▸ Problem
The response must consist of the lines below from the one with "T-shirt bianca a" through the one with "VIVIENNE WESTWOOD IVORY", exactly as they appear and with both ends kept.
-----
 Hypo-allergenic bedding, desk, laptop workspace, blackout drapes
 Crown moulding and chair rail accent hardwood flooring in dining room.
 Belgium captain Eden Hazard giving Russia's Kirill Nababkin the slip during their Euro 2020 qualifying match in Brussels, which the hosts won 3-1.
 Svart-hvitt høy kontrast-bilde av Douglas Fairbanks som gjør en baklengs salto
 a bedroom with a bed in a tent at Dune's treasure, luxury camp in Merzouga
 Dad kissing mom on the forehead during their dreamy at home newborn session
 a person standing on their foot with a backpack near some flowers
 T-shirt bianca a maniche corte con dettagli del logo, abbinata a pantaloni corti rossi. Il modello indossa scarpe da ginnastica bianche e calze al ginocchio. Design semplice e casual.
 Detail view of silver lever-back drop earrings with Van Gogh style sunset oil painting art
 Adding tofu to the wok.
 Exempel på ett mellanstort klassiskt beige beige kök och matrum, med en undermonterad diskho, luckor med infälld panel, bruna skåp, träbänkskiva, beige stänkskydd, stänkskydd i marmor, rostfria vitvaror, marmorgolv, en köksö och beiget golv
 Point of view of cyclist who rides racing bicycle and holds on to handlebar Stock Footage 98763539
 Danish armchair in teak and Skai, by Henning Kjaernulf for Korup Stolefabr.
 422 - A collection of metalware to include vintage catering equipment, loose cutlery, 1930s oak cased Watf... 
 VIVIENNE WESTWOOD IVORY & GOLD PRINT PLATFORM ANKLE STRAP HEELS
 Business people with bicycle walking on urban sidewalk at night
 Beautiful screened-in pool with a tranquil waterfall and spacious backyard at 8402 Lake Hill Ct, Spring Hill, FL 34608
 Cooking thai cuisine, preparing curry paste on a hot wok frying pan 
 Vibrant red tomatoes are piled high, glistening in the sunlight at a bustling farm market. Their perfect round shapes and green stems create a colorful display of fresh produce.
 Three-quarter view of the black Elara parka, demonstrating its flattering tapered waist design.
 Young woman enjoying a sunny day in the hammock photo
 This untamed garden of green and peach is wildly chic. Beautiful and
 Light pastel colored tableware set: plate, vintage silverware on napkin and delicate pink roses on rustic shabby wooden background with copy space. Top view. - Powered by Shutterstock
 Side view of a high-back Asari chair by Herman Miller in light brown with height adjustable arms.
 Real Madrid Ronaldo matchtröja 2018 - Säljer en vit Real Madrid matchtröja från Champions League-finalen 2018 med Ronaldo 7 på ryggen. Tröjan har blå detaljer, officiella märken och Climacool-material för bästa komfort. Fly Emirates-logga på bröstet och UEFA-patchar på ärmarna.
-----
▸ Answer to the exercise
 T-shirt bianca a maniche corte con dettagli del logo, abbinata a pantaloni corti rossi. Il modello indossa scarpe da ginnastica bianche e calze al ginocchio. Design semplice e casual.
 Detail view of silver lever-back drop earrings with Van Gogh style sunset oil painting art
 Adding tofu to the wok.
 Exempel på ett mellanstort klassiskt beige beige kök och matrum, med en undermonterad diskho, luckor med infälld panel, bruna skåp, träbänkskiva, beige stänkskydd, stänkskydd i marmor, rostfria vitvaror, marmorgolv, en köksö och beiget golv
 Point of view of cyclist who rides racing bicycle and holds on to handlebar Stock Footage 98763539
 Danish armchair in teak and Skai, by Henning Kjaernulf for Korup Stolefabr.
 422 - A collection of metalware to include vintage catering equipment, loose cutlery, 1930s oak cased Watf... 
 VIVIENNE WESTWOOD IVORY & GOLD PRINT PLATFORM ANKLE STRAP HEELS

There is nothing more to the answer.